All three Republican votes from New Jersey will go to Kevin McCarthy when the U.S. House of Representatives meets on January 3 to elect a new Speaker.
Reps. Christopher Smith (R-Manchester) and Jeff Van Drew (R-Dennis), and Rep.-elect Thomas Kean, Jr. (R-Westfield) are all backing McCarthy, the New Jersey Globe has confirmed.
McCarthy has a complicated path to become speaker. He needs 218 votes to win the speakership when Republicans gain control of the chamber next month. With a 222-213 majority, McCarthy can only afford to lose four votes.

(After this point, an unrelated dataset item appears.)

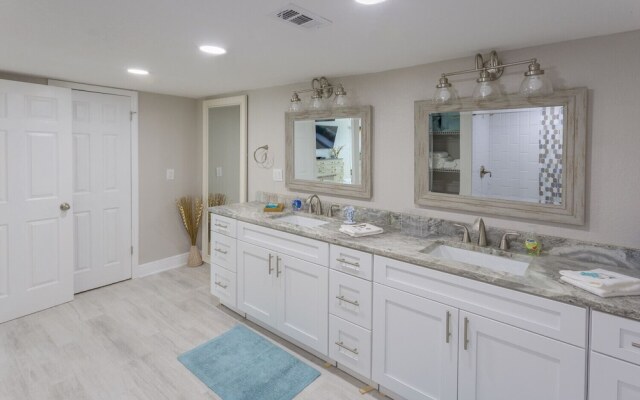 San Remo Beach Front Condo Star5vacations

Rep. Andy Biggs (R-Arizona), a former chairman of the House Freedom Caucus, has announced that he will challenge McCarthy for speaker. He is one of five House Republicans that have refused to support McCarthy.
In a GOP caucus vote last month, McCarthy beat Biggs, 188-31, with five additional Republicans voting for someone else.

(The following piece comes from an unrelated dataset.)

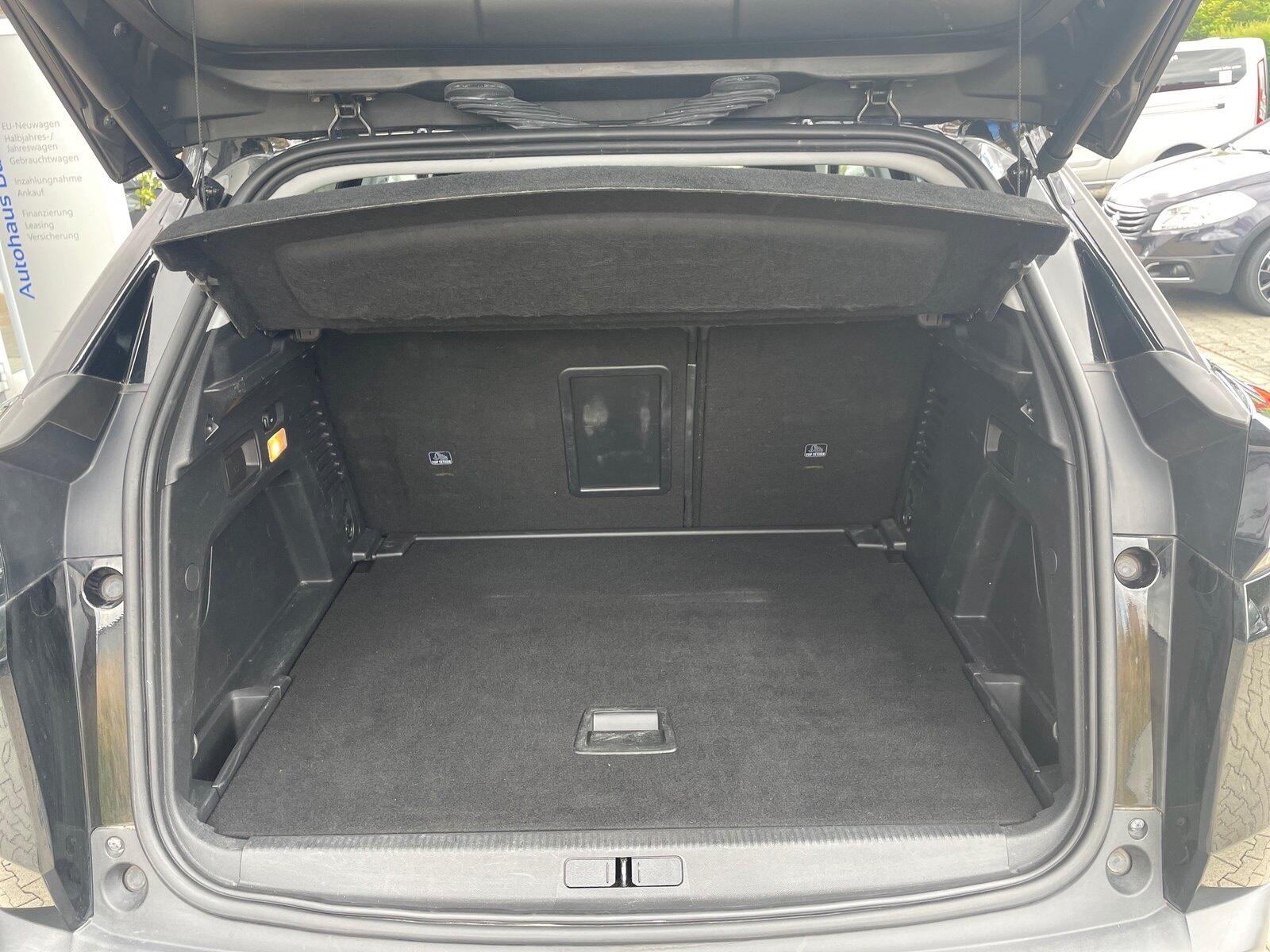 Peugeot 3008 BlueHDi 180 Stop & Start EAT8 Allure *AHK*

New Jersey’s congressional delegation will increase from two Republicans to three in January after Kean defeated two-term Rep. Tom Malinowski (D-Ringoes).
Kean has become a strong supporter of McCarthy, who came to New Jersey in July 2021 to help Kean launch his congressional run.
McCarthy also forged a relationship with Van Drew in 2019 when he helped convince the longtime Democratic officeholder to switch parties and become a Republican.
Smith is a longtime ally of McCarthy, backing him for House leadership posts for the last twelve years. McCarthy endorsed Smith for re-election to his 4th district House seat earlier this years.
If McCarthy is unable to secure 218 votes, the race for speaker would go to a second ballot for the first time since Frederick Gillett (R-Massachusetts) won on the 9th ballot in 1923.
The math for McCarthy could become easier if some Democrats vote present, a move that would lower the number of Republican votes he needs to win.
The 1859 race for Speaker of the House was won on the 44th ballot by a New Jerseyan, William Pennington, a former governor from the Whig Party who was elected to Congress as a Republican in 1858. One of two freshman congressmen to become Speaker – the other was Henry Clay – Pennington lost his own House seat in 1860 when Democrat Nehemiah Perry, a former assemblyman and Newark city councilman, ousted him by 400 votes.